日本においてインド映画では異例の興行収入10億円を突破した大ヒット作『RRR』。主人公のラーマとビームは、どちらも実在の人物で、インド独立運動の革命家だ。実際にふたりが出会った事実はないけれど、ふたりとも20歳すぎに故郷を出たあとに「空白の2〜3年」があったそう。もしもその時代にふたりが出会っていたら?というラージャマウリ監督の妄想から、この物語は誕生した。
実は監督がその妄想をするきっかけになったのがタランティーノ監督の『イングロリアス・バスターズ』。「もしもヒトラーが自殺ではなく殺されていたら?」という歴史のifを描いたこの作品を観て、歴史的事実にこだわらなくても、フィクションならではのおもしろい物語を作れることに気づいたと、監督は語っている。
歴史改変要素と、インドで語り継がれる叙事詩の物語を掛け合わせることで、新たな物語を生み出しているんだ。
②インド映画十八番のダンスで西洋主義へ怒りの一撃!
インド映画といえば、やっぱりダンスだよね。物語の3分の1以上は踊っていると言われているほど、インド映画でダンスシーンは欠かせない存在だ。『RRR』では比較的ダンスシーンは少ないが、その分凄まじいインパクトを与えている場面がある。

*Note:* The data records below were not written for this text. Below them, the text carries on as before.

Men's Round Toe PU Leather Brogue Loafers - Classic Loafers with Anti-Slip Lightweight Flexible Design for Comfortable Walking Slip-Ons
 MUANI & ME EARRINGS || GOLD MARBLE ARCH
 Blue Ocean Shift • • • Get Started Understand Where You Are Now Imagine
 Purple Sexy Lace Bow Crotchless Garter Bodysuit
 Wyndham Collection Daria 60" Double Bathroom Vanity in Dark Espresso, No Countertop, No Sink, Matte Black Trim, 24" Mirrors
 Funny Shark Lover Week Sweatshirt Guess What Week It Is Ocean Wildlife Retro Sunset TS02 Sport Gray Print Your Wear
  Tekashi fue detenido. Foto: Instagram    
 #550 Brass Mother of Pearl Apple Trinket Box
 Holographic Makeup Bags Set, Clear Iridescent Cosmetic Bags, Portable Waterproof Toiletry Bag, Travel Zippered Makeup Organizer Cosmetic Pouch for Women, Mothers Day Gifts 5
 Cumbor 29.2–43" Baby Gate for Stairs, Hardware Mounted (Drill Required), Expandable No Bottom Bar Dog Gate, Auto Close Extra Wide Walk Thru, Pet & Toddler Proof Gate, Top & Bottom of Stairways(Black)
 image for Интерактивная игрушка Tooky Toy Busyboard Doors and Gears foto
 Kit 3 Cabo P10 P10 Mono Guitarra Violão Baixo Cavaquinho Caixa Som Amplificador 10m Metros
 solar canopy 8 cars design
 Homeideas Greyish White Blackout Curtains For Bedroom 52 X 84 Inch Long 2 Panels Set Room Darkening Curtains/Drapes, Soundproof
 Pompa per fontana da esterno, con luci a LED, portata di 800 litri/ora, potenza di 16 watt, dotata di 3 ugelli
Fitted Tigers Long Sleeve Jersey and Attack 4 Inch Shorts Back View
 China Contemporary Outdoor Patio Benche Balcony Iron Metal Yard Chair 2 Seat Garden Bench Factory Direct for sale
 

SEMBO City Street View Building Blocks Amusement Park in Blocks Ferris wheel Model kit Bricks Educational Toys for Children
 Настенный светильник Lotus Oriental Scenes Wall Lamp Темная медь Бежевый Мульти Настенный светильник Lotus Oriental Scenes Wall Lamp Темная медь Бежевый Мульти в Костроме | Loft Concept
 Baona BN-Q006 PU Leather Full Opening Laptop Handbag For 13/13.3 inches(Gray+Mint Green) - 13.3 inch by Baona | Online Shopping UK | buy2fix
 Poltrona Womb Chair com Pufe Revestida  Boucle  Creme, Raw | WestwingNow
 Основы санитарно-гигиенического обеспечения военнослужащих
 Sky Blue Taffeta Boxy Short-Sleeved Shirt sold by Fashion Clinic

それがビームとラーマが「ナートュ」というダンスを踊るシーン。ある日イギリス人たちが主催する社交パーティーに招待されたビーム。しかし、社交ダンスをうまく踊れなかったビームは、イギリス人たちに「褐色の虫けらに、芸術のなんたるかがわかるのか!」と馬鹿にされてしまう。怒ったビームがイギリス人たちを見返すために、ラーマと共に踊り始めたのがインド音楽のビートを乗せた「ナートゥ」というダンスだ。
凄まじい足さばきでキレッキレのダンスを息ぴったりに踊るビームとラーマにつられ、優雅な社交パーティーの会場は、誰が最後まで生き残るかの超絶ダンスバトルへと姿を変える。フォーマルな衣装に身をつつんだイギリス人たちも、砂埃を舞い上がらせて無我夢中でダンスを踊ることに。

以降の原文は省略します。